* **Task to complete**: Please write out every line of the listing without alteration, but omit the images.

* **Data provided**:
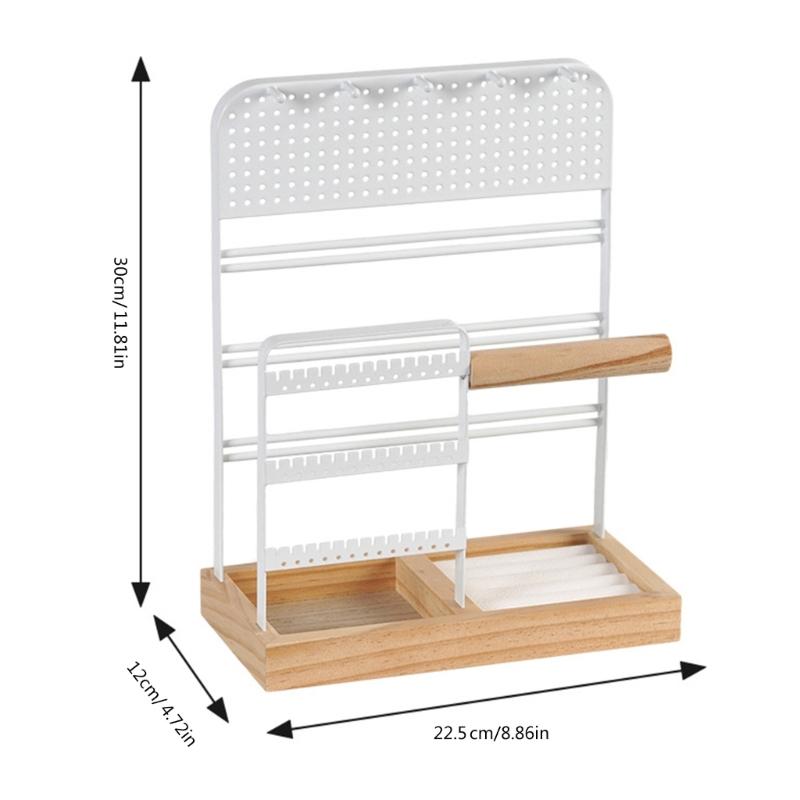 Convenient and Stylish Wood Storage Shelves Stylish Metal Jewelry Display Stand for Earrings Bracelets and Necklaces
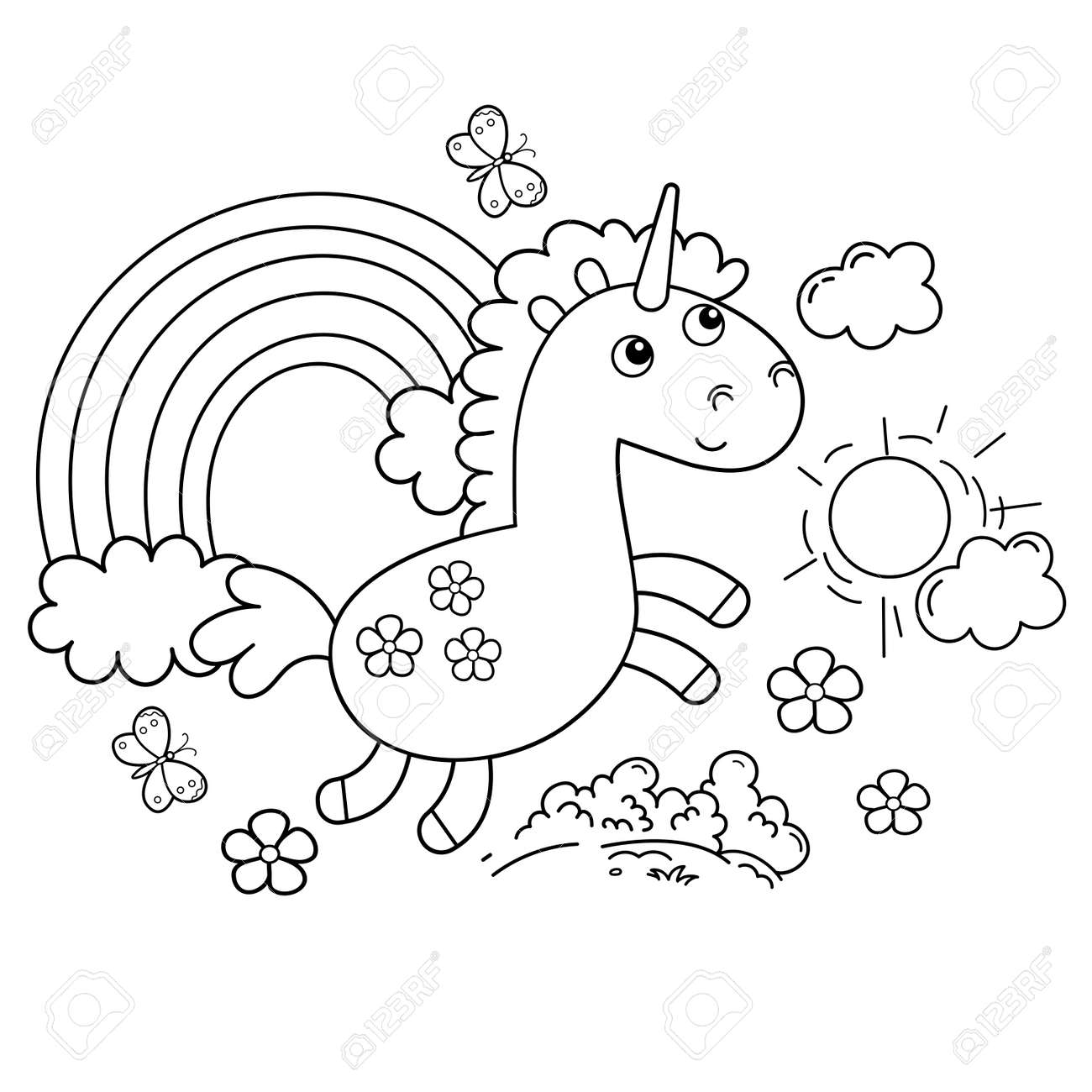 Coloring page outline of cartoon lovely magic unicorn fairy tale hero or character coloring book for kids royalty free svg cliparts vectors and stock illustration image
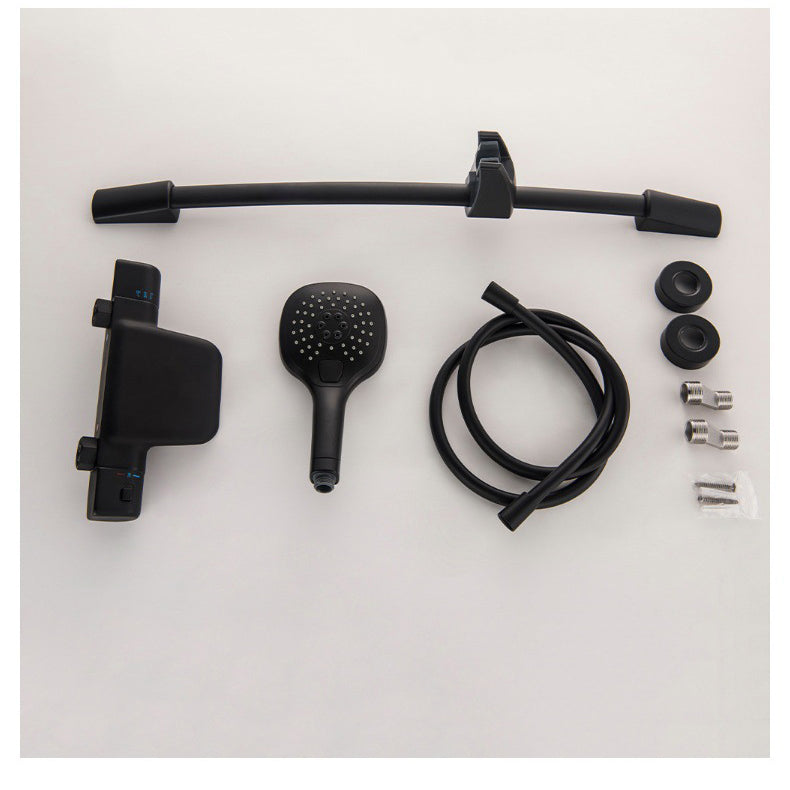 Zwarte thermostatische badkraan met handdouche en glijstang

* **Exercise solution**:
 Convenient and Stylish Wood Storage Shelves Stylish Metal Jewelry Display Stand for Earrings Bracelets and Necklaces
 Coloring page outline of cartoon lovely magic unicorn fairy tale hero or character coloring book for kids royalty free svg cliparts vectors and stock illustration image
 Zwarte thermostatische badkraan met handdouche en glijstang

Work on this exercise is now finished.